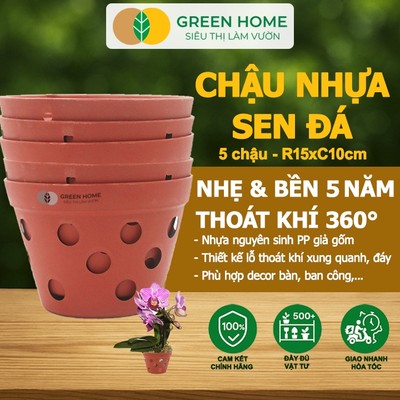 5 Chậu Trồng Lan GreenHome, R15xC10cm,  Nhựa Màu GỐM, Bền, Đẹp, Chống Rơi Vỡ, Thoáng Rễ, Giá TỐT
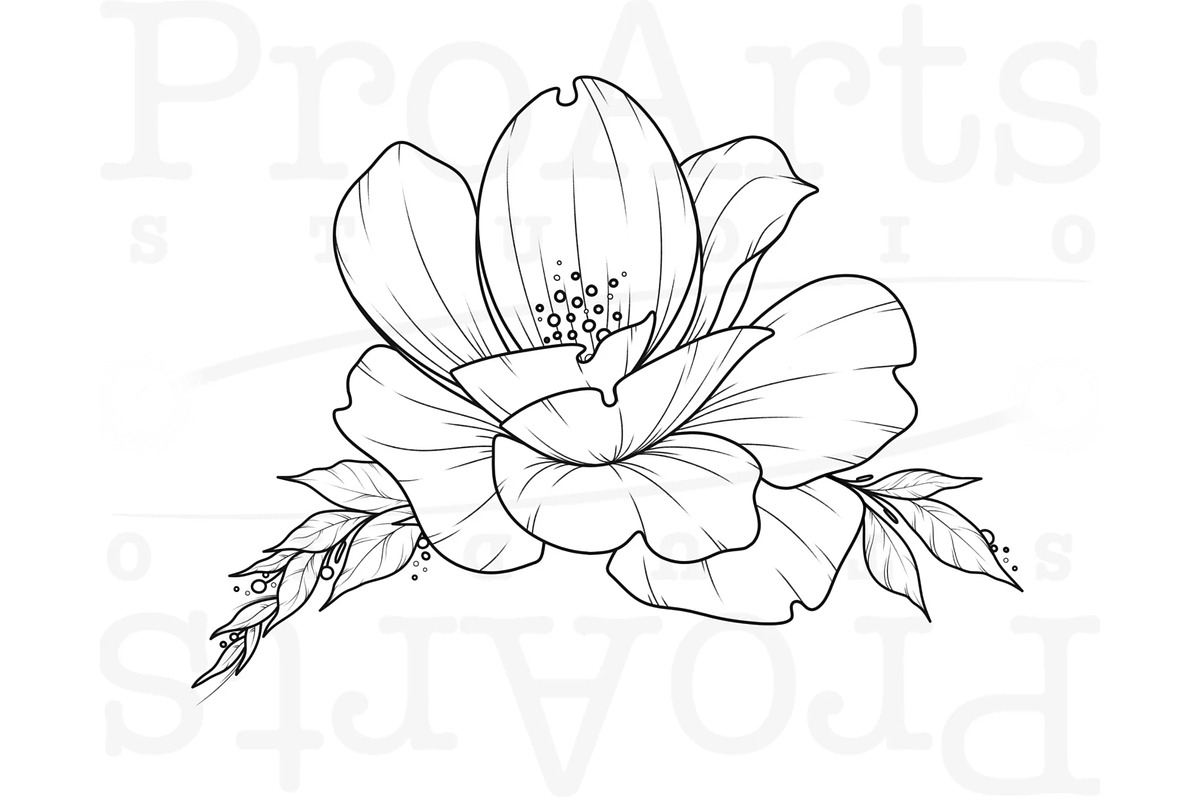 Peony Procreate Tattoo Brush Set, a Brush Add-On by Lucrumplus (Photo 5 of 10)
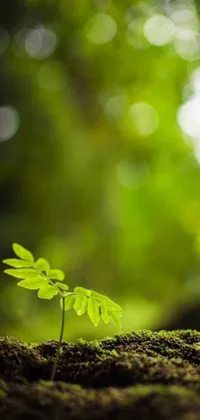 This phone live wallpaper depicts a beautiful scene of a small green plant sprouting from the ground against a background of a vibrant green forest
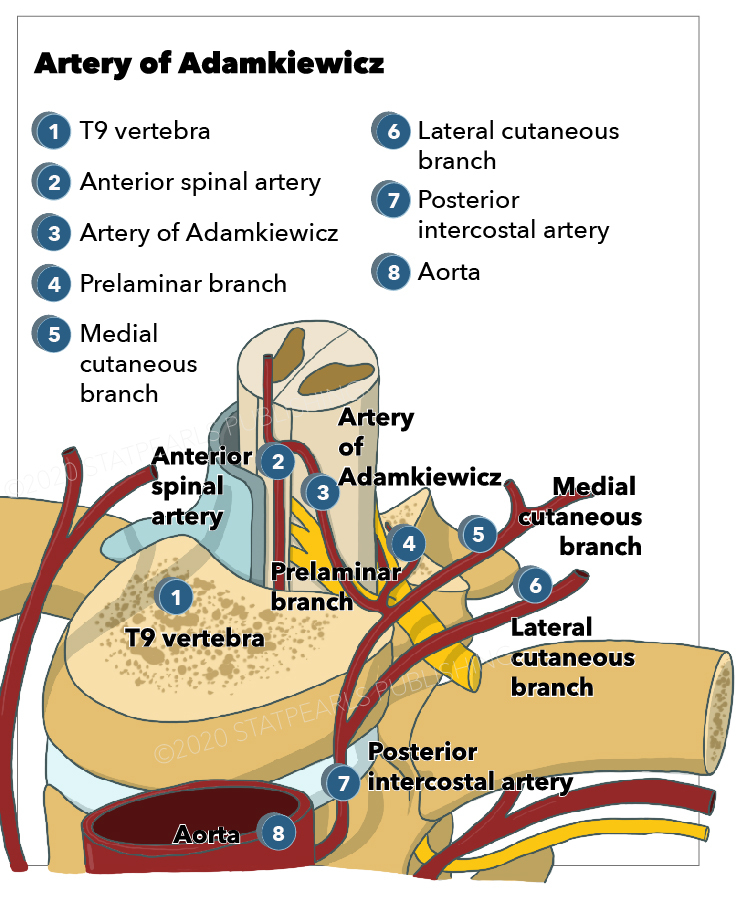 Anatomy of the Lumbar Spine – Anterior – Artery Studios – Medical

+ + + + + + +

#### [REQUIRED ACTION]
Return the listing above unaltered, omitting its pictures.

#### [EXERCISE SOLUTION]
 5 Chậu Trồng Lan GreenHome, R15xC10cm,  Nhựa Màu GỐM, Bền, Đẹp, Chống Rơi Vỡ, Thoáng Rễ, Giá TỐT
 Peony Procreate Tattoo Brush Set, a Brush Add-On by Lucrumplus (Photo 5 of 10)
 This phone live wallpaper depicts a beautiful scene of a small green plant sprouting from the ground against a background of a vibrant green forest
 Anatomy of the Lumbar Spine – Anterior – Artery Studios – Medical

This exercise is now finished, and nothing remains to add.